1p22.3

CARMEN,CIPER,CLAP,IMD37,c-E10,mE10

1p rearrangement/Non-Hodgkin lymphoma

Extranodal marginal zone B-cell lymphoma of mucosa-associated lymphoid tissue (MALT lymphoma).

Phenotype stem cell origin: Marginal zone B-cells.

Epidemiology: Commonly seen in MALT lymphoma involving stomach (approximately 4%) and lung (approximately 9%). Uncommon in MALT lymphoma involving other sites.

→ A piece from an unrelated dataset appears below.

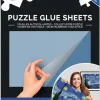 Puzzle Glue Sheets - Limark (12 st A4 för 2000 bitar) - Jig&Puz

Evolution: MALT lymphoma may evolve to diffuse large B-cell lymphoma.

Generally indolent.

In t(1;14)(p22;q32). The gene on 14q32 is IgH. The breakpoint on 1p22 involves a recurrent breakpoint upstream of the promoter of BCL10.

BCL10-IgH.
The translocation t(1;14)(p22;q32) is associated with frameshift mutation of BCL10 and truncation of BCL10 protein distal to CARD. The mutant type of BCL10 enhances cell survival and proliferation through activation of NF-kappaB pathway. MALT lymphomas without BCL10 rearrangement may also carry BCL10 mutation however.

MALT lymphomas with t(1;14)(p22;q32) demonstrate strong nuclear BCL10 staining regardless of BCL10 mutation status. MALT lymphoma without t(1;14)(p22;q32) may also show strong nuclear staining.So a strong nuclear BCL10 staining is not always a presumptive evidence of t(1;14)(p22;q32). This pattern is different from the weak cytoplasmic expression observed in normal germinal center B-cells.

Loss of CARD domain through translocation and mutations lead to loss of proapoptotic activity. In addition, MALT1 and BCL10 may synergize in the activation of NF-kappaB leading to enhanced cell survival and downstream activation of anti-apoptotic/proliferative signals.

Various Cancers

BCL10 mutations have also been described in follicular lymphoma, Sezary syndrome, malignant mesothelioma, germ cell tumor, and colon cancer.